# DIRECTIONS
Provide again, from the entries below, every line from the one containing "Up Top Sneak" through the one containing "Charlotte Acres Retreat", exactly as written, and no other line.

┌─ SUPPLIED ENTRIES

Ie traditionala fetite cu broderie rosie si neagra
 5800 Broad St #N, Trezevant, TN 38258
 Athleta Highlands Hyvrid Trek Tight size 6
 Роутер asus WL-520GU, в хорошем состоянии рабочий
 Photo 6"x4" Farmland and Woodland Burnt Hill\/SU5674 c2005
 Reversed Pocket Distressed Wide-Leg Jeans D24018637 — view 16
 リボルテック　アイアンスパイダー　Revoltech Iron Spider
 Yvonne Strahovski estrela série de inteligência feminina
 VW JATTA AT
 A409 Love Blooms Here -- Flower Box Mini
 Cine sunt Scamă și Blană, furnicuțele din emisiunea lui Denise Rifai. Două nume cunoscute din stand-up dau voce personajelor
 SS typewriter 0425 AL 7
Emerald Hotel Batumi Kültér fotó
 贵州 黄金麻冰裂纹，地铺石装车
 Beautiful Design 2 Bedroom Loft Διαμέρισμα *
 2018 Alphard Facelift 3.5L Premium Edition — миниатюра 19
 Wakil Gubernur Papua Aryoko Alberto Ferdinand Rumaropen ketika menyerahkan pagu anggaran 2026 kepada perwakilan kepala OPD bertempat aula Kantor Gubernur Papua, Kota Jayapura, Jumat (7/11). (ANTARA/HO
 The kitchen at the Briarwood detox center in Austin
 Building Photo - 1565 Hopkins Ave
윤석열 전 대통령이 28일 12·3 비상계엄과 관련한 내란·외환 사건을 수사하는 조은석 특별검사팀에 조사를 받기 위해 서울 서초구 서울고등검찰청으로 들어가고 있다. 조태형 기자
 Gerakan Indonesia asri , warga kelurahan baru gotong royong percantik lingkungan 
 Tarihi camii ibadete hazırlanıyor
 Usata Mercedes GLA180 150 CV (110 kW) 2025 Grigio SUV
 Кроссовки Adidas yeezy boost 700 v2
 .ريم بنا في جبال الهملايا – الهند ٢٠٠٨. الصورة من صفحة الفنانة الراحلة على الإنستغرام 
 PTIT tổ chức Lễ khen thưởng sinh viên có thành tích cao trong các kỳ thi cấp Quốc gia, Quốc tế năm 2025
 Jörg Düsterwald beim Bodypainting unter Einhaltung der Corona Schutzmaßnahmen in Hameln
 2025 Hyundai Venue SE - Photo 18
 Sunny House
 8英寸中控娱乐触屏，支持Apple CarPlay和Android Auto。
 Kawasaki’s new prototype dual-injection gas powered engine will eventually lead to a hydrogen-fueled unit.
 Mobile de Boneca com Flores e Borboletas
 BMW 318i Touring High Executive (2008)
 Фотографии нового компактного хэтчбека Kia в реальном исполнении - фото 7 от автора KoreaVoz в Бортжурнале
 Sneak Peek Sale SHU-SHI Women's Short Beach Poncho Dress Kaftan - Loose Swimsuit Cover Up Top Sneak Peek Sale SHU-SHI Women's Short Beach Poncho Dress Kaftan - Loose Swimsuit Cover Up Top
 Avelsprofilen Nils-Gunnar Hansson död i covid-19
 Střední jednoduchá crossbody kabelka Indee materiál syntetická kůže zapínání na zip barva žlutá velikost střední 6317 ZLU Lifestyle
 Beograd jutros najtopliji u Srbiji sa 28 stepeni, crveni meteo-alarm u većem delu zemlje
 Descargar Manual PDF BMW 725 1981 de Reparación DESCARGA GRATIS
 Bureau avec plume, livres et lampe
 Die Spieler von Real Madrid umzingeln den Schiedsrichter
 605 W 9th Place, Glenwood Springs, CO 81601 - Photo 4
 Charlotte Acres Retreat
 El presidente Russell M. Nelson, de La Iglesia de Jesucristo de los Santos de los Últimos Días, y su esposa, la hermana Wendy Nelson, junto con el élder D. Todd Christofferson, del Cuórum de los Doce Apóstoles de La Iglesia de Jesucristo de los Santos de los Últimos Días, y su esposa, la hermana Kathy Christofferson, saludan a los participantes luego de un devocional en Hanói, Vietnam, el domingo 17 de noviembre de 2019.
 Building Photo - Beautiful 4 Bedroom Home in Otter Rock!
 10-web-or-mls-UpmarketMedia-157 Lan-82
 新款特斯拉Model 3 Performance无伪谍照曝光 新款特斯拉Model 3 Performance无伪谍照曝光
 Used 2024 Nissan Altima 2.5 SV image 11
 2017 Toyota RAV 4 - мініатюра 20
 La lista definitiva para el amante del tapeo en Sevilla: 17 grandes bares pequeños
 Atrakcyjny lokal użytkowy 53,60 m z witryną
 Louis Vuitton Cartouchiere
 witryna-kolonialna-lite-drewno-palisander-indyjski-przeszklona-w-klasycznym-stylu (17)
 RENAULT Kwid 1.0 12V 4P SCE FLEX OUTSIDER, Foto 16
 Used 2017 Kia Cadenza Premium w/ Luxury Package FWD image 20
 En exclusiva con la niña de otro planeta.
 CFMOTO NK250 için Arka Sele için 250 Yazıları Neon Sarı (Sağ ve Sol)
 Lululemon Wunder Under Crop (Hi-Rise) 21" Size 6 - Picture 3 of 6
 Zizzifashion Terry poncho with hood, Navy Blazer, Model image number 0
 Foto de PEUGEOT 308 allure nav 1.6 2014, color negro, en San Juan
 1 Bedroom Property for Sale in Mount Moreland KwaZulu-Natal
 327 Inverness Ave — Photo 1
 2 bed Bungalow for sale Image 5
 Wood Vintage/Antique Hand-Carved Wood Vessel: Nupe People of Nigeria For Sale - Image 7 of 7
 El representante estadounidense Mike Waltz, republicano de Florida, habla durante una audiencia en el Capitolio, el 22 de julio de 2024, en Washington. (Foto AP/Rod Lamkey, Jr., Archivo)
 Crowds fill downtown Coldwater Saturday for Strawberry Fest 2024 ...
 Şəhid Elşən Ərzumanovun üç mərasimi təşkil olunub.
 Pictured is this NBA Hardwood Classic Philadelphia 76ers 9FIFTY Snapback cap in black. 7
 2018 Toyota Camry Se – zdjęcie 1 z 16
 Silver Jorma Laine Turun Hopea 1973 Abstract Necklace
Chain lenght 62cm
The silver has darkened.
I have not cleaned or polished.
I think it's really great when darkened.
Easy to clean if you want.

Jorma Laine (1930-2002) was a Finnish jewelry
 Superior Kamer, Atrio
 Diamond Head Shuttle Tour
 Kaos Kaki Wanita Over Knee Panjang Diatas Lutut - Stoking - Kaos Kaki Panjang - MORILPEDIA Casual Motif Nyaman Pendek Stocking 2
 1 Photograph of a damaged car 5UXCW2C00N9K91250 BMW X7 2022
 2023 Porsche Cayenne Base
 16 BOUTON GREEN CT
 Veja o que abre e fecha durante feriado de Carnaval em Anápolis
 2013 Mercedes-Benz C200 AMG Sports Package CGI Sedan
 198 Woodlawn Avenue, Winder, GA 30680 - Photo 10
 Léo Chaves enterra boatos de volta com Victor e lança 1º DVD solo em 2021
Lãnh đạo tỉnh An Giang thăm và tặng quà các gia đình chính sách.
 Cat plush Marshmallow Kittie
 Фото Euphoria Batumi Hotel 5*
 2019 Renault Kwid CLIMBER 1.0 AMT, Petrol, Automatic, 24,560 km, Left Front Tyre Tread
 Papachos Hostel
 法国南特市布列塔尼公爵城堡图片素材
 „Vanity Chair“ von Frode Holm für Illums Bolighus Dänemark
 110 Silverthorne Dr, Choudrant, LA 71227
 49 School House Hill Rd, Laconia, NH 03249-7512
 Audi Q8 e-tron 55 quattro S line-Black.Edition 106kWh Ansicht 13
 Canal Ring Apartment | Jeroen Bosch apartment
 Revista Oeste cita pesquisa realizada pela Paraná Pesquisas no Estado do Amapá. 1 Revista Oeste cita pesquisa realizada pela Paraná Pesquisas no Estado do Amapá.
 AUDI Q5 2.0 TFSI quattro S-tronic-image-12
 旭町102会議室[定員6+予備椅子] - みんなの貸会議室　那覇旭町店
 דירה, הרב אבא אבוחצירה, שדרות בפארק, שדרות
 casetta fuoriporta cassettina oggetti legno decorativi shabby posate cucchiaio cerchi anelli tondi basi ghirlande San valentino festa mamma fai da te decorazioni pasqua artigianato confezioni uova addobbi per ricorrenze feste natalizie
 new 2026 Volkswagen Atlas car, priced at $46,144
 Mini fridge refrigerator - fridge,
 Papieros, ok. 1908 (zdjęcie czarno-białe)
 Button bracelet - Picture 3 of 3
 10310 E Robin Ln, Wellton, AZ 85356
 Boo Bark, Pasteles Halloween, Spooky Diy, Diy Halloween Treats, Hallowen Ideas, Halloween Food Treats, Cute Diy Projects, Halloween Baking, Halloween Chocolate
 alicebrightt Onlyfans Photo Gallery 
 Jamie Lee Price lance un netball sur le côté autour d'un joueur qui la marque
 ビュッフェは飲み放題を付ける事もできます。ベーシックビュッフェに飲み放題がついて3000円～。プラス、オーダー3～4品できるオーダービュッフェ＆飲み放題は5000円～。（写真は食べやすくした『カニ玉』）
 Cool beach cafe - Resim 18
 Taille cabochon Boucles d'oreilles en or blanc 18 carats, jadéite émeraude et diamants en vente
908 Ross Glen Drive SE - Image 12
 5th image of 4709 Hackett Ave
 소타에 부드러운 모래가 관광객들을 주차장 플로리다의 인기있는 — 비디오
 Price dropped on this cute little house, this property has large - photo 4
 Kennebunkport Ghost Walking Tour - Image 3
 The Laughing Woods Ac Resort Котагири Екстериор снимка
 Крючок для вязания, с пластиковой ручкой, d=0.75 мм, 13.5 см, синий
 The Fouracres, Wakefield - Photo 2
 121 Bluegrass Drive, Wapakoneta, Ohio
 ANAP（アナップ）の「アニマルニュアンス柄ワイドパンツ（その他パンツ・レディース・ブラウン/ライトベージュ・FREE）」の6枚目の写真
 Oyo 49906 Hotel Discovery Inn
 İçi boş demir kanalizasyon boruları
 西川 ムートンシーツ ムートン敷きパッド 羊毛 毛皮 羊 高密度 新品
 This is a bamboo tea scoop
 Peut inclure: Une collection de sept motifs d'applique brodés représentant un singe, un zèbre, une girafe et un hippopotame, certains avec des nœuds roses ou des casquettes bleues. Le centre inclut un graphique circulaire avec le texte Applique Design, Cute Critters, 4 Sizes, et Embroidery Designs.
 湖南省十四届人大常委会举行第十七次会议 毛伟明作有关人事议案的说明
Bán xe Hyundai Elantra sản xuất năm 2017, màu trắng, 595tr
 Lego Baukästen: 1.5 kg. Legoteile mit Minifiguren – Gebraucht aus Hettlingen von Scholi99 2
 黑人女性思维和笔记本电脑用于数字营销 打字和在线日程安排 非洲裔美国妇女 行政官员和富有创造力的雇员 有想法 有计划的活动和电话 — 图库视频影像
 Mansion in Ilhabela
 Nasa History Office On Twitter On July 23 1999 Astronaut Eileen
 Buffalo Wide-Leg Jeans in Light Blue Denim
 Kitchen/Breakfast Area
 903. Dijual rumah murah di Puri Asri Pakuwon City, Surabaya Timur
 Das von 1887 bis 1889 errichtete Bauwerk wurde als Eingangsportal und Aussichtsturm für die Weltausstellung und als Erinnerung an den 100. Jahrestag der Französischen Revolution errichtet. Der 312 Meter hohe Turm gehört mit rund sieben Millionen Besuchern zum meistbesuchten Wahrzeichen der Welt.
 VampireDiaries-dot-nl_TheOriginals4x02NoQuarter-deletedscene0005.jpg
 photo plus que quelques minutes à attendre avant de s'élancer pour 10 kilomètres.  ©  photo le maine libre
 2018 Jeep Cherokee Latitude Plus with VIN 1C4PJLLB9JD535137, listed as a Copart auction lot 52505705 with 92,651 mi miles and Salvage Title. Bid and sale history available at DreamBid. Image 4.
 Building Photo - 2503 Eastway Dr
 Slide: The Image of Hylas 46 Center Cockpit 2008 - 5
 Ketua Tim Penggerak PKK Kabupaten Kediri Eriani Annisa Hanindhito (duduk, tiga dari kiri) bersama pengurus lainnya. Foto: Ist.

└─

# YOUR RESPONSE
 Sneak Peek Sale SHU-SHI Women's Short Beach Poncho Dress Kaftan - Loose Swimsuit Cover Up Top Sneak Peek Sale SHU-SHI Women's Short Beach Poncho Dress Kaftan - Loose Swimsuit Cover Up Top
 Avelsprofilen Nils-Gunnar Hansson död i covid-19
 Střední jednoduchá crossbody kabelka Indee materiál syntetická kůže zapínání na zip barva žlutá velikost střední 6317 ZLU Lifestyle
 Beograd jutros najtopliji u Srbiji sa 28 stepeni, crveni meteo-alarm u većem delu zemlje
 Descargar Manual PDF BMW 725 1981 de Reparación DESCARGA GRATIS
 Bureau avec plume, livres et lampe
 Die Spieler von Real Madrid umzingeln den Schiedsrichter
 605 W 9th Place, Glenwood Springs, CO 81601 - Photo 4
 Charlotte Acres Retreat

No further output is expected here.